- Instructions for the task:
Retype the records below exactly as they stand, but with no images.

- Dataset content:
= Beginning of Section =

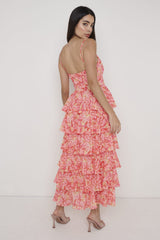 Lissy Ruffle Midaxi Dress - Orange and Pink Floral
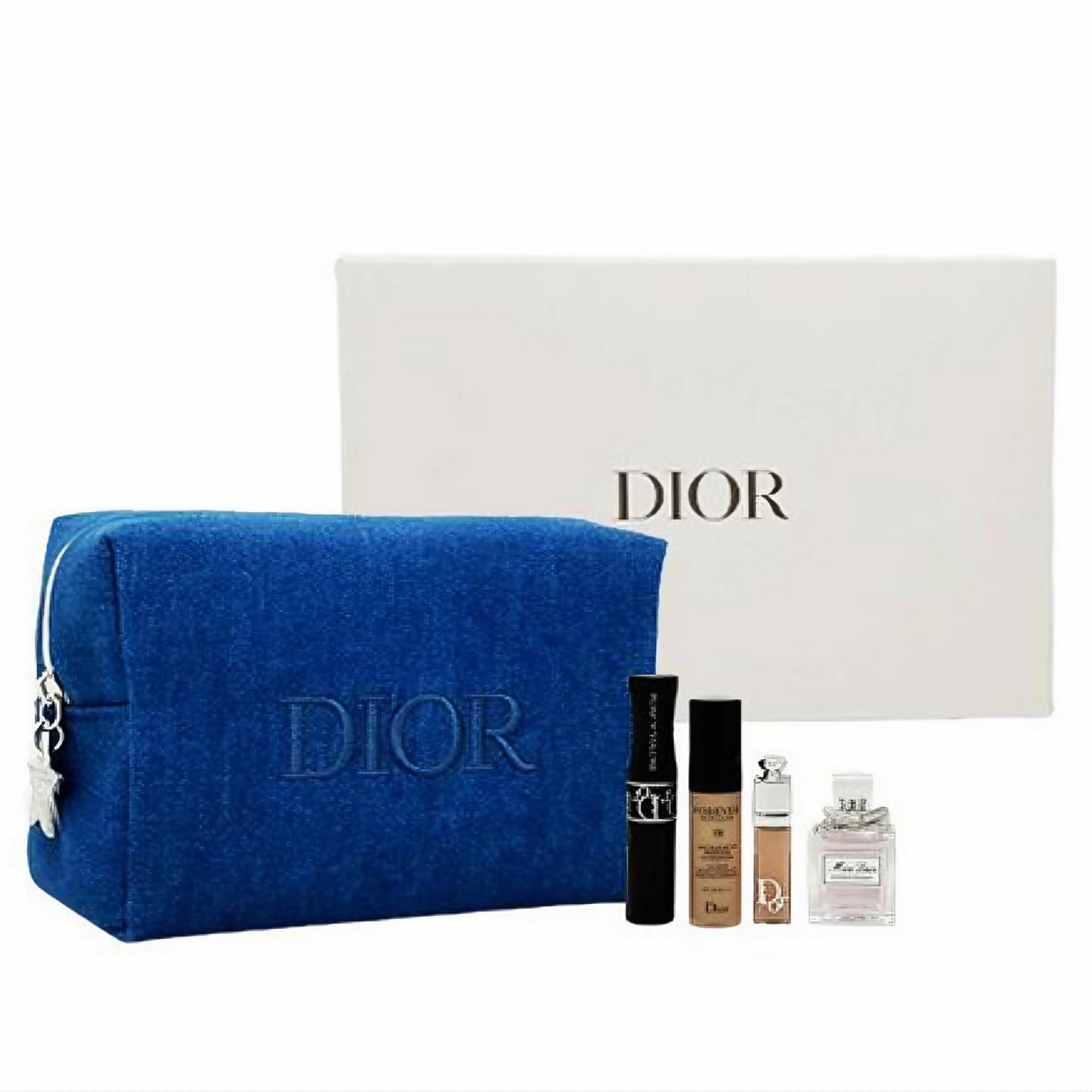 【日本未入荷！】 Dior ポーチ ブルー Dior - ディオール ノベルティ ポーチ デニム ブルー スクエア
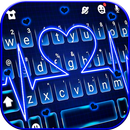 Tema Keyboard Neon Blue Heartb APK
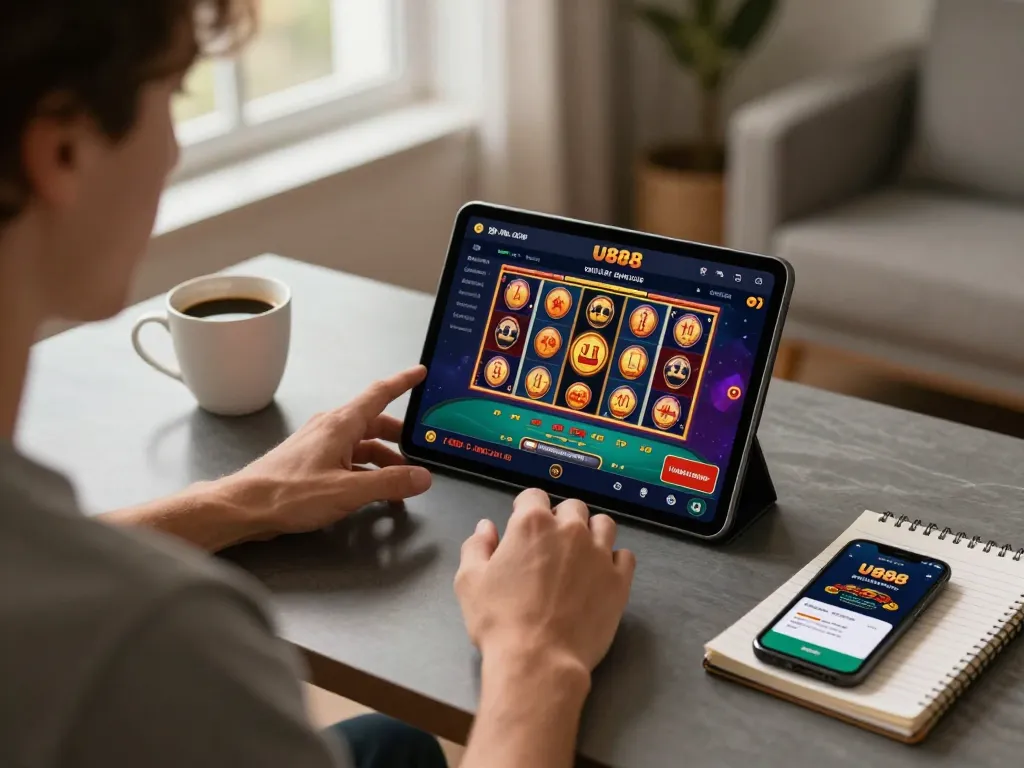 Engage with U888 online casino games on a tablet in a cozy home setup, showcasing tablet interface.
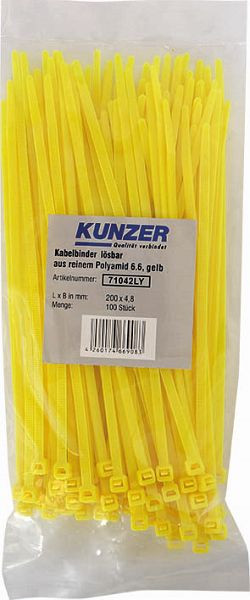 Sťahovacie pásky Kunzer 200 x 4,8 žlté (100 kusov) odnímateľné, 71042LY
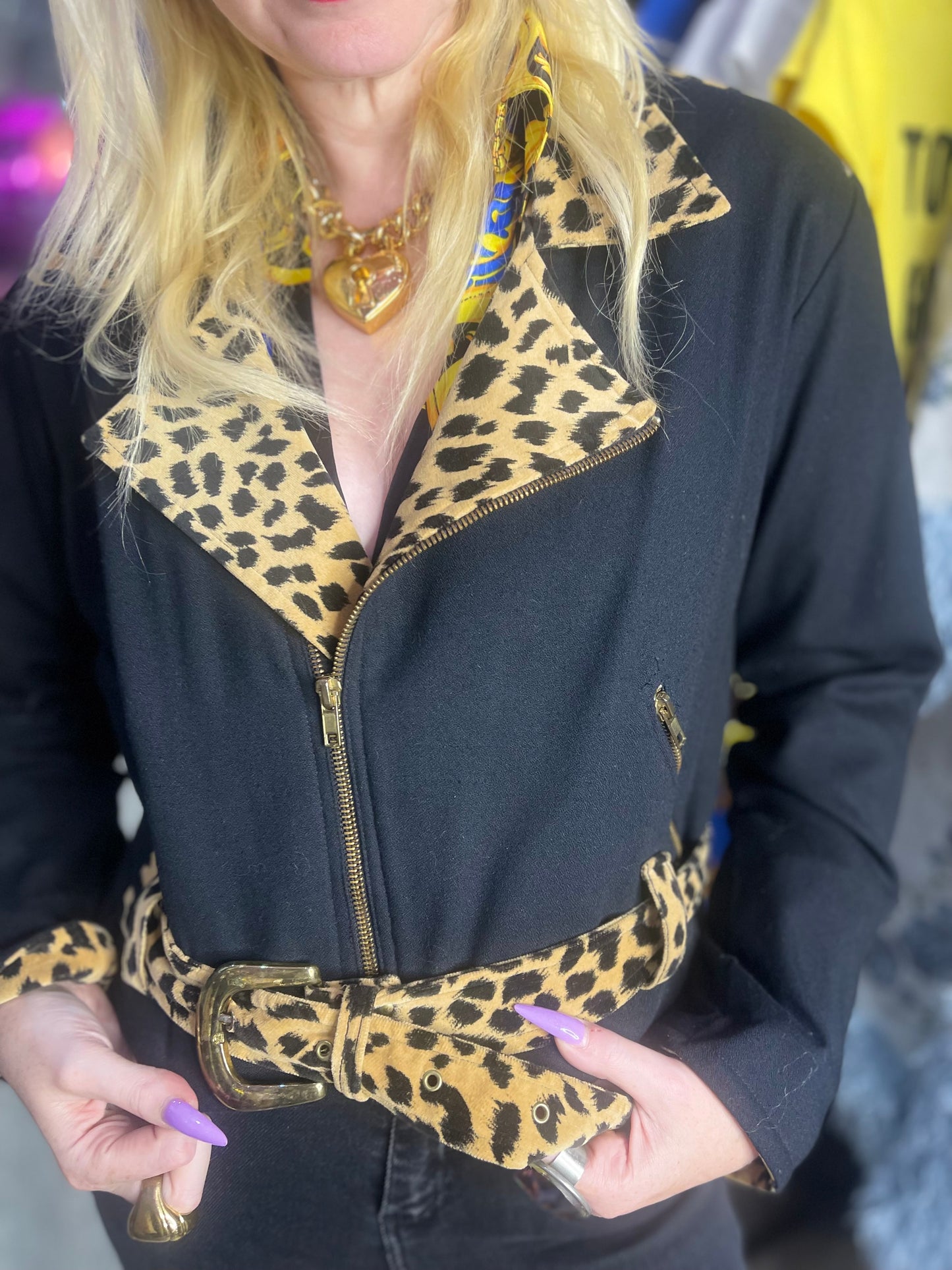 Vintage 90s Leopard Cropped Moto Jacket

= End of Section =

- Solution to this problem:
 Lissy Ruffle Midaxi Dress - Orange and Pink Floral
 【日本未入荷！】 Dior ポーチ ブルー Dior - ディオール ノベルティ ポーチ デニム ブルー スクエア
 Tema Keyboard Neon Blue Heartb APK
 Engage with U888 online casino games on a tablet in a cozy home setup, showcasing tablet interface.
 Sťahovacie pásky Kunzer 200 x 4,8 žlté (100 kusov) odnímateľné, 71042LY
 Vintage 90s Leopard Cropped Moto Jacket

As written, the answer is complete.